Those of us who follow the issue have suspected as much. But hearing it put so bluntly by one who not only witnessed testing firsthand, but who also watched the government cover up its consequences, was unnerving. My friend has been long retired but his military experience gives him an insider’s understanding of how things work.


Last November when a committee headed by the bold Rep. David Hobson (R-Ohio) defied the administration by zeroing out funding for bunker busters and mini nukes, some of us prematurely claimed a victory. Hobson’s committee, in a bipartisan move that drew the immediate ire of administration hawks, voted unanimously to strip funding for the new nuclear weapons. Hobson’s committee did, however, leave in funding for upgrades to the Nevada Test Site to the tune of $22.5 million, a small cut from the administrations’ requested $25 million. As long as funds are available for enhancing the test site, we risk repeating the dreadful mistakes of the past.


Unfortunately, we’re seeing more indications that the administration is intent on resuming nuclear testing. A March 15 issue of The Nuclear Test Watch noted that replacing the United Nations-bound John Bolton with Dr. Robert Joseph as undersecretary ofarms control and international security should “clearly be identified as a move toward resuming nuclear testing.” Joseph played a principle role in the U.S. withdrawal from the 1972 ABM treaty and is associated with the National Institute for Public Policy, a think-tank openly opposed to the Comprehensive Test Ban Treaty and supportive of resumed testing.

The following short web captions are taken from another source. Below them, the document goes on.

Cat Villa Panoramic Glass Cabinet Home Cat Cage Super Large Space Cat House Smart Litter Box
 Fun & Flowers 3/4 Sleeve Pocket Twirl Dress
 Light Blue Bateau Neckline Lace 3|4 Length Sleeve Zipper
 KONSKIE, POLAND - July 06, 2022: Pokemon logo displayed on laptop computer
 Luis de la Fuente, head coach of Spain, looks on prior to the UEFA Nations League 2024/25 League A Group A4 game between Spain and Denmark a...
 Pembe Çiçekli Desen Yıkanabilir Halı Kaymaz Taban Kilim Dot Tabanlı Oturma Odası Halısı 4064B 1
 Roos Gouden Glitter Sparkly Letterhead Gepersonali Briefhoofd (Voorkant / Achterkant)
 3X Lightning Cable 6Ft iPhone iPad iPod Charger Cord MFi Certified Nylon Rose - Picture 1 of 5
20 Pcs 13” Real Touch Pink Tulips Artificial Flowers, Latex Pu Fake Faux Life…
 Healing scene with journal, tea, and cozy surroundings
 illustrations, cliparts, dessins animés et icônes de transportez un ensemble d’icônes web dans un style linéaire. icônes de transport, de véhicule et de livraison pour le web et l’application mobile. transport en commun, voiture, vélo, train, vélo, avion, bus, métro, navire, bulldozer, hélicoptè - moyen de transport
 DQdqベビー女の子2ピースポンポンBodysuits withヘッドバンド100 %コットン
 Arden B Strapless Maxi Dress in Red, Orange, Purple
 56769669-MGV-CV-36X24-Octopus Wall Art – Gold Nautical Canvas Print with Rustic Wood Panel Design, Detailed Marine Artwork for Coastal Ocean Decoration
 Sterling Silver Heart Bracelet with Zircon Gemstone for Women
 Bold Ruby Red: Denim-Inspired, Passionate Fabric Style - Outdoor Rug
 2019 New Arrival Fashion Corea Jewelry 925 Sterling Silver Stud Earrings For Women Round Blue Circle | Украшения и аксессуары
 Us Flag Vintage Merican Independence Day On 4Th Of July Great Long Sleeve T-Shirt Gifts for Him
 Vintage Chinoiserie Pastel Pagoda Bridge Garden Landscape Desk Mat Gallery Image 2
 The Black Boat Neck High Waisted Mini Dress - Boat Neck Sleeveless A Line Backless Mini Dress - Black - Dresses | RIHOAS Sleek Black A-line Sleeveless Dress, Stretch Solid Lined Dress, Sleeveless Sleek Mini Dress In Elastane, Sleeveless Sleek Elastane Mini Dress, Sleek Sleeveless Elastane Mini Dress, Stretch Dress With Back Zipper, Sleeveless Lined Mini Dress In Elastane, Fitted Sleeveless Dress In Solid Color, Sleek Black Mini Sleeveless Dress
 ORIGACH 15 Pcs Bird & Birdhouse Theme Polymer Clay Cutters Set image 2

Samuel Bodman, who replaced Spencer Abraham as energy secretary, wasted no time in pushing the Nevada Test Site’s ability to resume actual underground tests. In February, Bodman told the U.S. Senate Armed Services Committee the administration wants $2 billion in the next fiscal year to verify that America’s aging atomic arsenal remains operational. He said no tests are currently planned, but stressed the importance of leaving the door open to resumed testing.


In a statement delivered on the U.S. Senate floor last month, Sen. Dianne Feinstein (D-Calif.) was highly critical of the administration’s obscenely expensive nuclear initiative. Noting that Bush’s budget calls for $25 million to shorten the Nevada Test Site time-to-test readiness to 18 months, Feinstein said, “This sends a clear signal of an urgent move to begin underground testing as soon as possible.”


After visiting the Test Site last month, Rep. Jim Matheson’s staff verified that the Department of Energy is moving ahead to ready the test site. “I am aware that DOE employees are moving forward with getting the test site ready,” Matheson said. “I’ve consistently voted against that and I remain opposed to moving forward with test site readiness.”


Callously ignoring the 1992 moratorium on underground testing and apparently oblivious to the devastation that 41 years of nuclear testing wreaked on this country, the Bush administration and its adherents—including Utah’s own Rep. Chris Cannon—are willing to again risk the health and safety of Americans in the name of “protecting” us. Evidence shows that underground tests can and have leaked. We know there can be no 100 percent assurance they will not leak. Yet, this administration holds up the specter of terrorists who may use WMD as justification for exploding our nation’s WMD in our own back yard. Testing weapons means using them. That’s hardly a rational course.